• YOUR TASK:
What you return should be the exact lines from the one with "Sutatva Almond Saffron" to the end of the records below, both included, and no pictures.

• INFORMATION SHOWN:
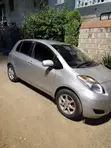 Toyota Vitz 2010 Silver - 1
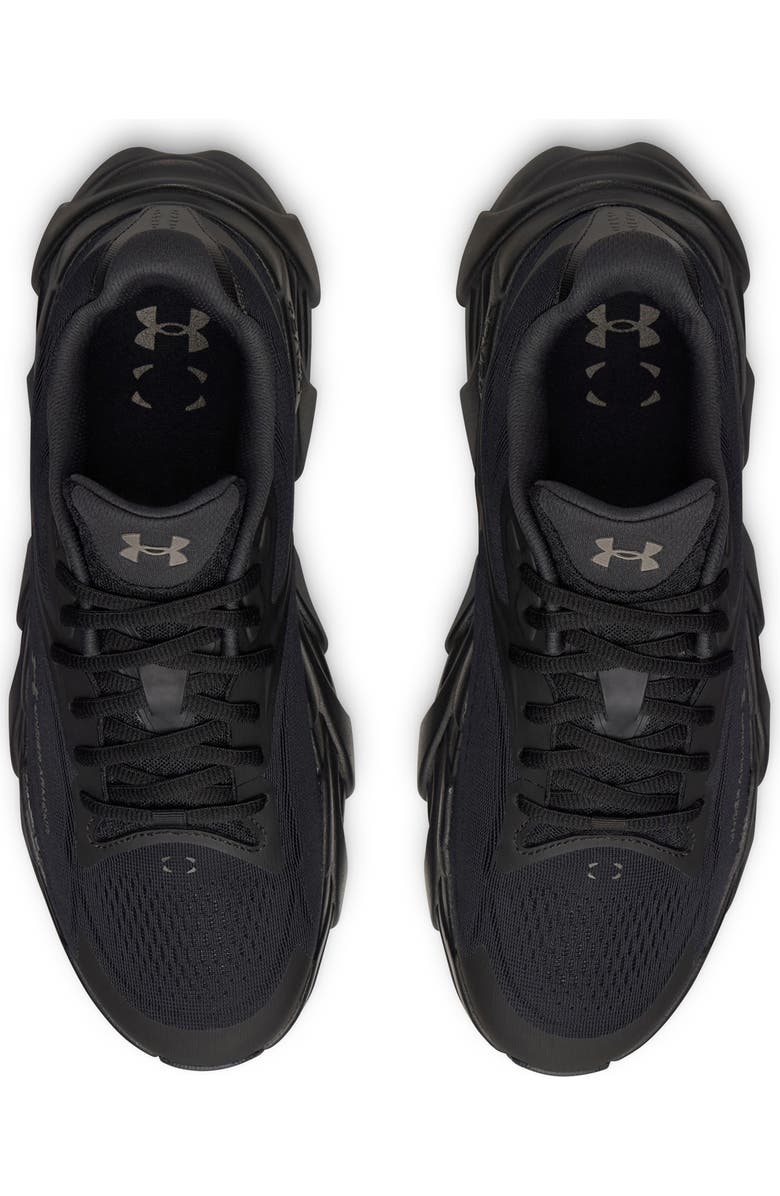 Under Armour UA HB Runner 2 Running Shoe, Alternate, color, Black / Anthracite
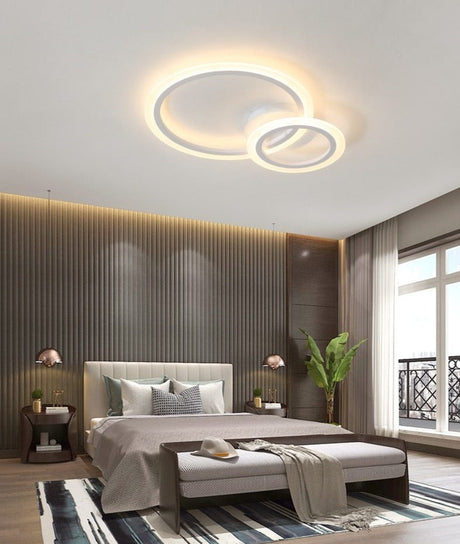 Flush Mount Light for Bedroom Decor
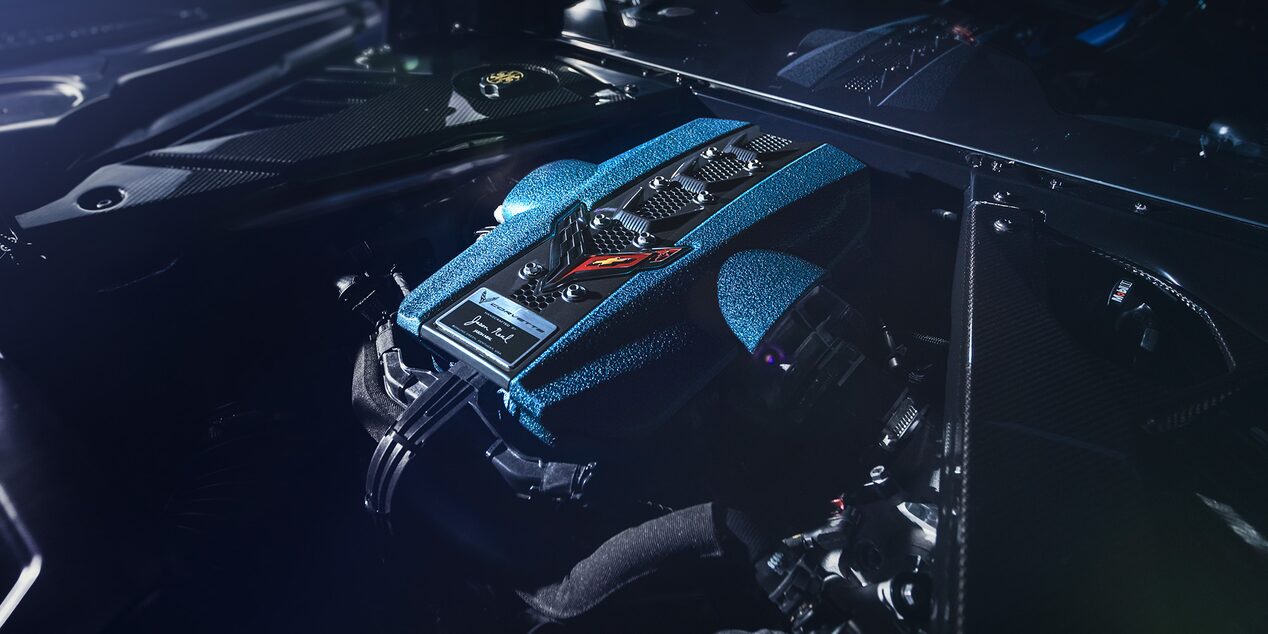 Corvette ZR1X hiperdeportivo con motor v8 5.5L biturbo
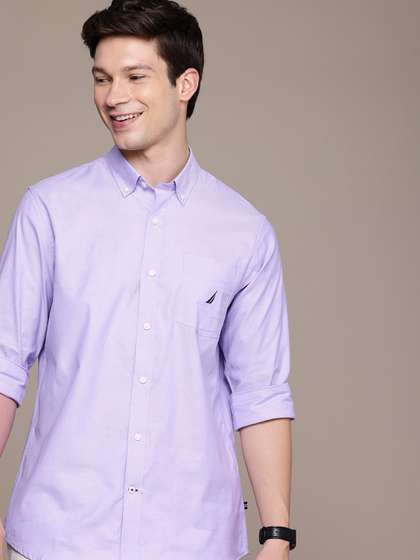 Nautica Opaque Casual Shirt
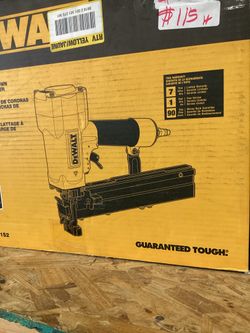 DEWALT Nailer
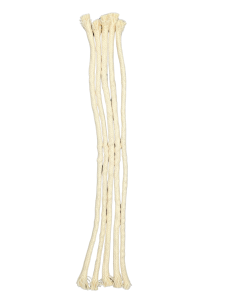 Knoty do świec liturgicznych 5 szt. surowe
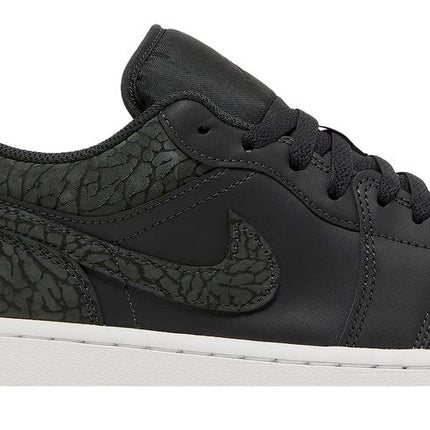 Air Jordan Air Jordan 1 Low Black Elephant - FB9907-001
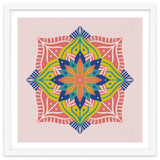Colorful abstract mandala thumbnail
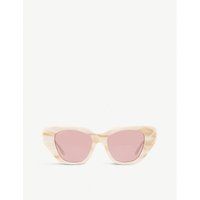 GG0641S crystal-embellished plastic sunglasses | Selfridges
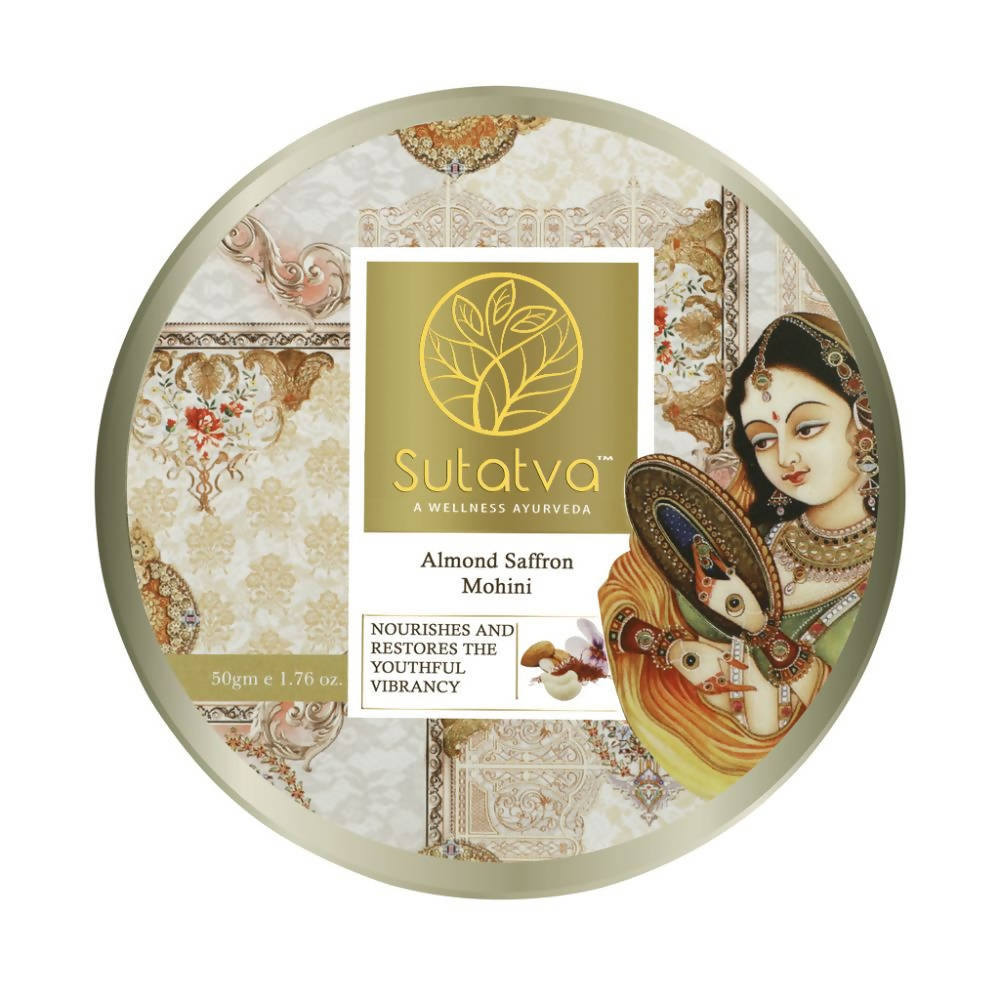 Sutatva Almond Saffron Mohini Face Pack - usa canada australia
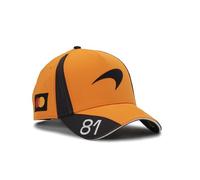PUMA McLaren F1 2026 Gorra Niño Oscar Piastri - Naranja - Talla Única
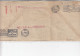 ENV. EMA  US POSTAGE 2 CENTS TAXEE 39 + 3x33  OBL. NEW YORK Du 12.7.1928 ADRESSEE A PARIS - Storia Postale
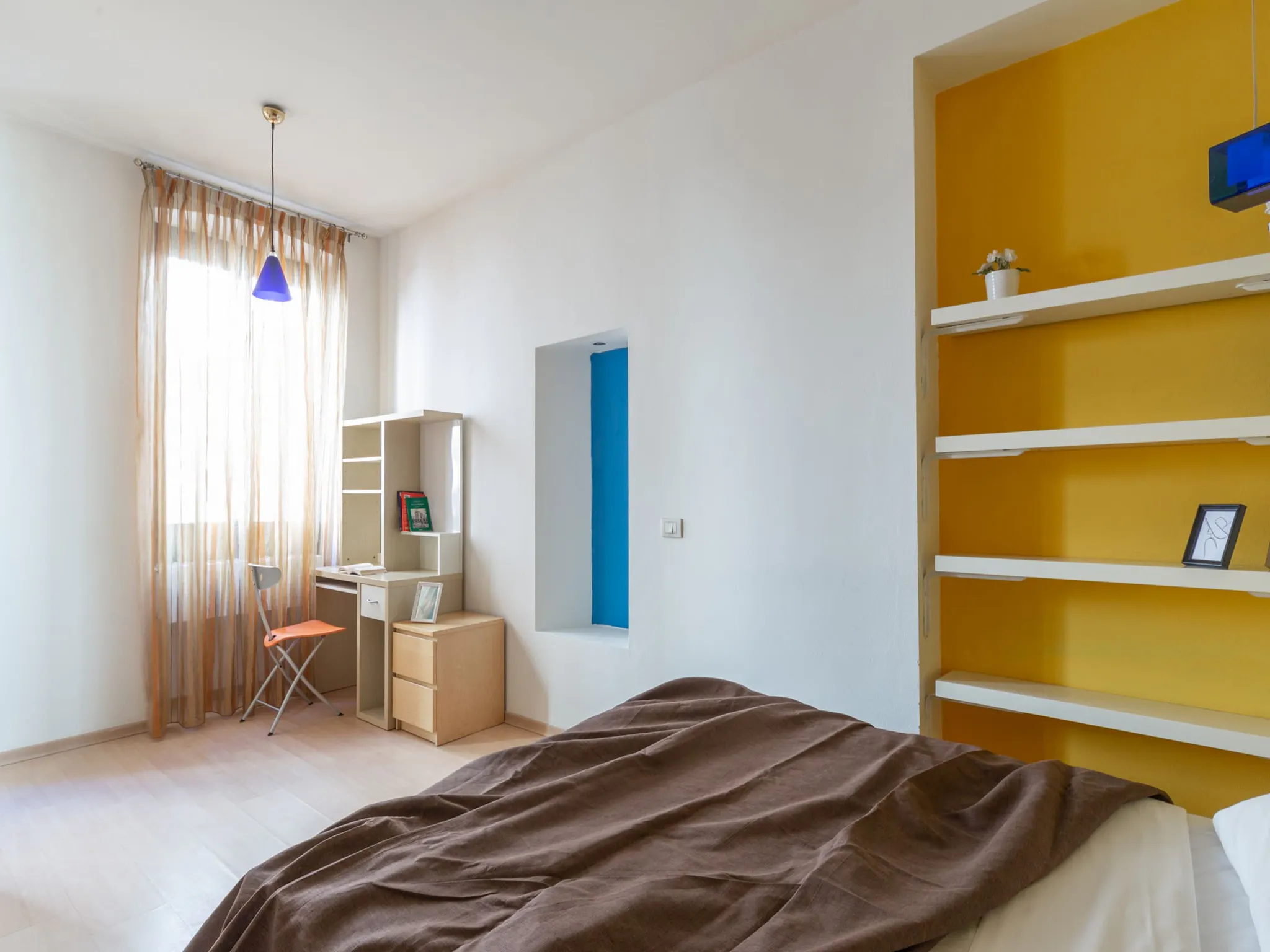1-Bedroom Apartment in Via Antonio Fogazzaro, Milan (1339884) ROOM 4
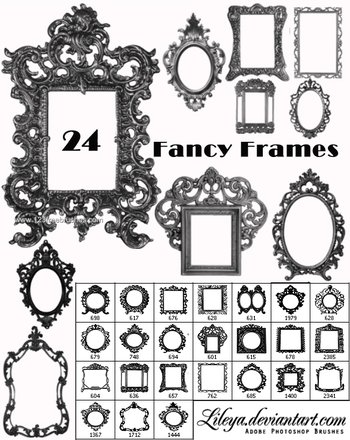 Fancy Vintage Borders
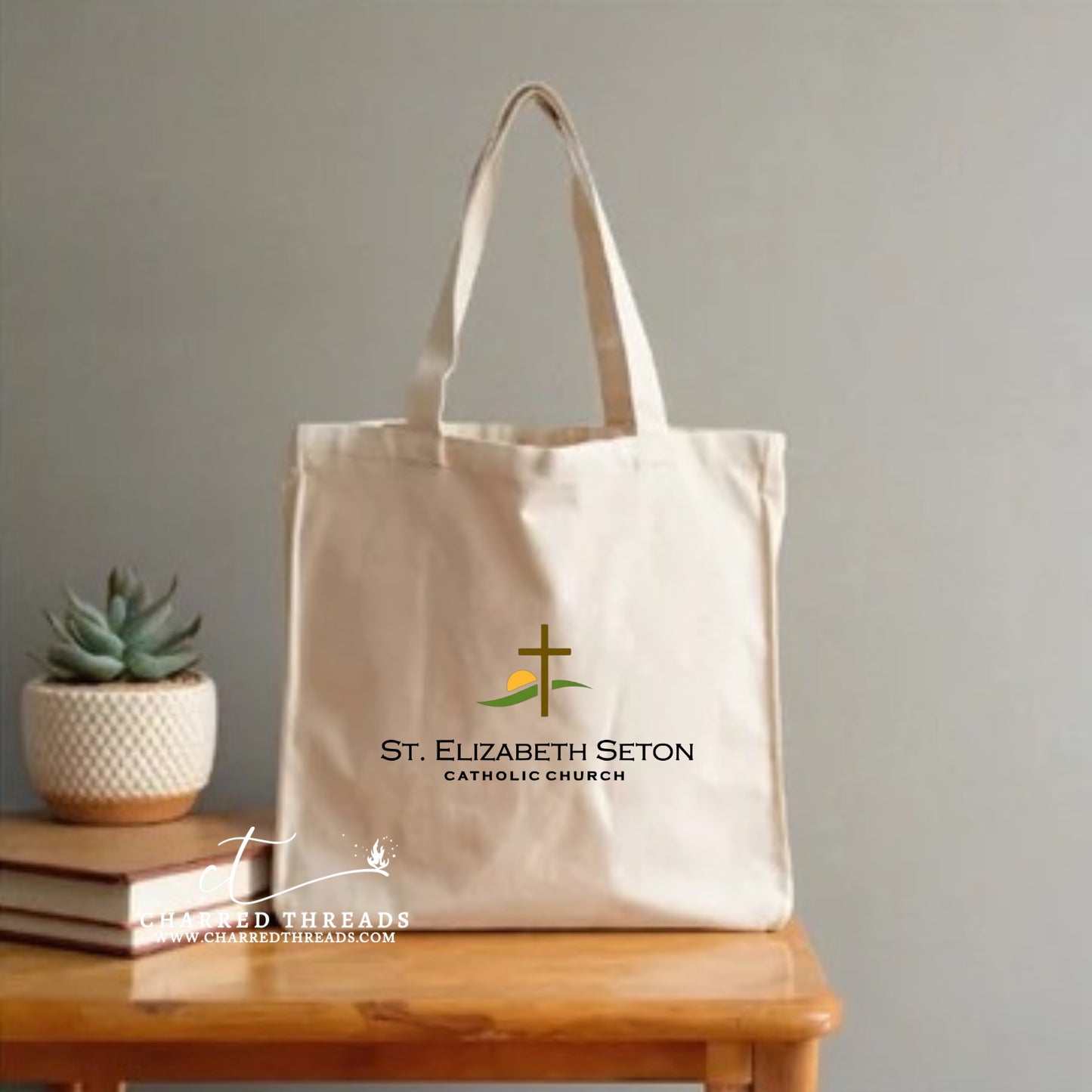 St. Elizabeth Seton Catholic Church Tote Bag Collection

• OUTPUT:
 Sutatva Almond Saffron Mohini Face Pack - usa canada australia
PUMA McLaren F1 2026 Gorra Niño Oscar Piastri - Naranja - Talla Única
 ENV. EMA  US POSTAGE 2 CENTS TAXEE 39 + 3x33  OBL. NEW YORK Du 12.7.1928 ADRESSEE A PARIS - Storia Postale
1-Bedroom Apartment in Via Antonio Fogazzaro, Milan (1339884) ROOM 4
 Fancy Vintage Borders
 St. Elizabeth Seton Catholic Church Tote Bag Collection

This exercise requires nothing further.